Google's Big Chip Unveil For Machine Learning: Tensor Processing Unit With 10x Better Efficiency (Updated)

While other companies are arguing about whether GPUs, FPGAs, or VPUs are better suited for machine learning, Google came out with the news that it has been using its own custom-built Tensor Processing Unit (TPU) for over a year, achieving a claimed 10x increase in efficiency. The comparison is likely made in relation to GPUs, which are currently the industry standard chips for machine learning.

Tensor analysis is an extension of vector calculus, which is at the basis of Google’s (recently released as open source) Tensorflow framework for machine learning.

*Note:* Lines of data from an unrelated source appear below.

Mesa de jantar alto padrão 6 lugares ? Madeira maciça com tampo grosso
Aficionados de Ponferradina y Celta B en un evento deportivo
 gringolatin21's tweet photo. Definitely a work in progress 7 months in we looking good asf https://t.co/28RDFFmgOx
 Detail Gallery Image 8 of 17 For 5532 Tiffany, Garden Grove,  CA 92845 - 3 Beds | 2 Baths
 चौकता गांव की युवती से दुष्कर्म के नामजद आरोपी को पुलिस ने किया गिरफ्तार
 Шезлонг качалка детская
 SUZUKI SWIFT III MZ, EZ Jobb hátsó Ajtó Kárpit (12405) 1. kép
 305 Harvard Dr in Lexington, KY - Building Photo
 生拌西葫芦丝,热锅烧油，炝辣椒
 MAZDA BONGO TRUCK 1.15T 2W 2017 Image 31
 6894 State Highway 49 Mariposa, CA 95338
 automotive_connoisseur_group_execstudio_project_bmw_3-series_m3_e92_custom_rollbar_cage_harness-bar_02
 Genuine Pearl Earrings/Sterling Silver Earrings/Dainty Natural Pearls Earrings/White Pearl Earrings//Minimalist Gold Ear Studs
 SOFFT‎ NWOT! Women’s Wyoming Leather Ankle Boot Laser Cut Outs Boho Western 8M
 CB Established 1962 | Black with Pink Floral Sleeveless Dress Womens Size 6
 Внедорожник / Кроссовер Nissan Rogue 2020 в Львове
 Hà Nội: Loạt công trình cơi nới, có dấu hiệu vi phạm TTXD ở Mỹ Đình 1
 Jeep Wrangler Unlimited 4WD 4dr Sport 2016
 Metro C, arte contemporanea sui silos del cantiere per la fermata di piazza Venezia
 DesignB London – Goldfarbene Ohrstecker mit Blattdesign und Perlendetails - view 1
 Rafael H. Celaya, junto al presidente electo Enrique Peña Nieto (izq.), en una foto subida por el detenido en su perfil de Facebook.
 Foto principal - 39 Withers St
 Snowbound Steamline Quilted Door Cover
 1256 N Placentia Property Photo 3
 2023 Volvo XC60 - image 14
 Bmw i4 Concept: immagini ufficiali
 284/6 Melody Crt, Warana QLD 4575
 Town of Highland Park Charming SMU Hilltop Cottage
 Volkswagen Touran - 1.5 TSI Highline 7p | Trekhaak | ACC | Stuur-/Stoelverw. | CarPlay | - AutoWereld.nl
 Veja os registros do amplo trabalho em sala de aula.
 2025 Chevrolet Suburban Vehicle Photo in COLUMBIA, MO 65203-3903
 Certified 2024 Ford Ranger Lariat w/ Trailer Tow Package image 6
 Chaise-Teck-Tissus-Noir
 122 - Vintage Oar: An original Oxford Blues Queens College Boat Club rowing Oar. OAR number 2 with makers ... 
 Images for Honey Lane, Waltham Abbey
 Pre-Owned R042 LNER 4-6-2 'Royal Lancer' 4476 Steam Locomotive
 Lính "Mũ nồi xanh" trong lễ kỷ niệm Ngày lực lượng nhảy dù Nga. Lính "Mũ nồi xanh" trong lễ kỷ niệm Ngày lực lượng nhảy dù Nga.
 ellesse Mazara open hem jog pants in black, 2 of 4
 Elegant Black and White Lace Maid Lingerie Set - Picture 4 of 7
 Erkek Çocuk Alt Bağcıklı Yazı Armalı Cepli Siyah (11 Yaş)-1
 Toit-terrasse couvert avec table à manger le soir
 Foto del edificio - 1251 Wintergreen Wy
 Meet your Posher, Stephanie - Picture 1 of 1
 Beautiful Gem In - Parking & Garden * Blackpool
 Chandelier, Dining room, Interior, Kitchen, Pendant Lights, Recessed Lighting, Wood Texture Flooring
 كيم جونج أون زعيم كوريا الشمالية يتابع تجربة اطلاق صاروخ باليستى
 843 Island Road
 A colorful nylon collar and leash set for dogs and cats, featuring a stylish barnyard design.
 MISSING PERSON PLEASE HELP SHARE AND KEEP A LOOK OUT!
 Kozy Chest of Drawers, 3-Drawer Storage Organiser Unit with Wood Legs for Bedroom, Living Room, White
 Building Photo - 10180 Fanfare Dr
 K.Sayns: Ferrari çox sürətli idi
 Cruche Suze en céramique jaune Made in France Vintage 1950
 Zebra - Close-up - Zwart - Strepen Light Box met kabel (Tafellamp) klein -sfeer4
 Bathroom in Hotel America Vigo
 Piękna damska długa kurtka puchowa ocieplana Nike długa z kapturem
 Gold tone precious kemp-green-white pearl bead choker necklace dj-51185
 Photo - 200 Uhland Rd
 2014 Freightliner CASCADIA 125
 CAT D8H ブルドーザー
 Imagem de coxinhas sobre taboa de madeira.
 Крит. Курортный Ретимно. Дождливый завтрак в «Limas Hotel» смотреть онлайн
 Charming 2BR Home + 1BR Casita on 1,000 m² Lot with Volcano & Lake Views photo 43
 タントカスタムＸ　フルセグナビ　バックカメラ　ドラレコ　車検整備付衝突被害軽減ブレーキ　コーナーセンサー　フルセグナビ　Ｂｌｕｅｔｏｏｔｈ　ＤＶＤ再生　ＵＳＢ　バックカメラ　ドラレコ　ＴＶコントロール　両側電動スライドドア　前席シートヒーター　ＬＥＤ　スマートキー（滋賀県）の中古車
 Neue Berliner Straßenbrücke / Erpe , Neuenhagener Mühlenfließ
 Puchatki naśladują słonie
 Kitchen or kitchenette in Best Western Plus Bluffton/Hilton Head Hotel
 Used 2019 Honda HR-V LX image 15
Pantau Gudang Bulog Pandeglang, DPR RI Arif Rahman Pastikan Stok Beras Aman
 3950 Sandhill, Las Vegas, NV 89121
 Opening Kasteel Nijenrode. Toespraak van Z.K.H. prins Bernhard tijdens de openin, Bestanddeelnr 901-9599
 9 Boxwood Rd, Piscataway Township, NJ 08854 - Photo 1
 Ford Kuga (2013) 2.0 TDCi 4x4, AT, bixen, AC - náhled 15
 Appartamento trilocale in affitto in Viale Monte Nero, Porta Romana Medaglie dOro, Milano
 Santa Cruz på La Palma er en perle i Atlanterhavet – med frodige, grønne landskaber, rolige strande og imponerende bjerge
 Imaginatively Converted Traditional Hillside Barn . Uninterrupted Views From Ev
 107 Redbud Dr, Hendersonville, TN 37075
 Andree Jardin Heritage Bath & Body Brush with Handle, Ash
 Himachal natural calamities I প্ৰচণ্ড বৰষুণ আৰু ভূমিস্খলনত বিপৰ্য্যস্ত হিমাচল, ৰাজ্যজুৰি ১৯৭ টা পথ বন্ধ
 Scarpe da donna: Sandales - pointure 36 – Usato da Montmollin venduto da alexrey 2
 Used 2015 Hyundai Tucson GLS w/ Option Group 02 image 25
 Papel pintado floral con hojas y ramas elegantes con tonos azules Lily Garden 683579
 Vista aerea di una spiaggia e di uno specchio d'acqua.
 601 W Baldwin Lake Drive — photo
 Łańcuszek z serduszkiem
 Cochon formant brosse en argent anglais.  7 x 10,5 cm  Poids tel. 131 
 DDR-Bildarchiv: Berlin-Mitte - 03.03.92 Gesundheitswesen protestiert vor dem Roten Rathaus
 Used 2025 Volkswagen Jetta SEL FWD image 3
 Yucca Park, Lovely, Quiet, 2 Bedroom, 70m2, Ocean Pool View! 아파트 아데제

The new Tensor Processing Units, as you might expect, are specifically designed to do only tensor calculations, which means the company can fit more transistors on the chip that do only one thing well--achieving higher efficiency than other types of chips.

This class of chips is called ASICs (application-specific integrated circuits), and they’ve been used, for instance, in wireless modems such as Nvidia’s Icera modem, and in Bitcoin mining rigs for orders of magnitude higher efficiency compared to GPUs and FPGAs.

Movidius said that Google's TPU philosophy is more in line with what it's been trying to achieve with its Myriad 2 vision processing unit (VPU) by squeezing out more ops/W than it's possible with GPUs.

"The TPU used lower precision of 8 bit and possibly lower to get similar performance to what Myriad 2 delivers today. Similar to us they optimized for use with TensorFlow," said Dr. David Moloney, Movidius' CTO.

"We see this announcement as highly complementary to our own efforts at Movidius. It appears Google has built a ground-up processor for running efficient neural networks in the server center, while Myriad 2 is positioned to do all the heavy lifting when machine intelligence needs to be delivered at the device level, rather than the cloud," he added.

Google claimed in a blog post that its TPU could achieve an order of magnitude better efficiency for machine learning, which would be equivalent to about seven years of progress following Moore’s Law. Google said that a TPU board could fit inside a hard disk drive slot in its data centers.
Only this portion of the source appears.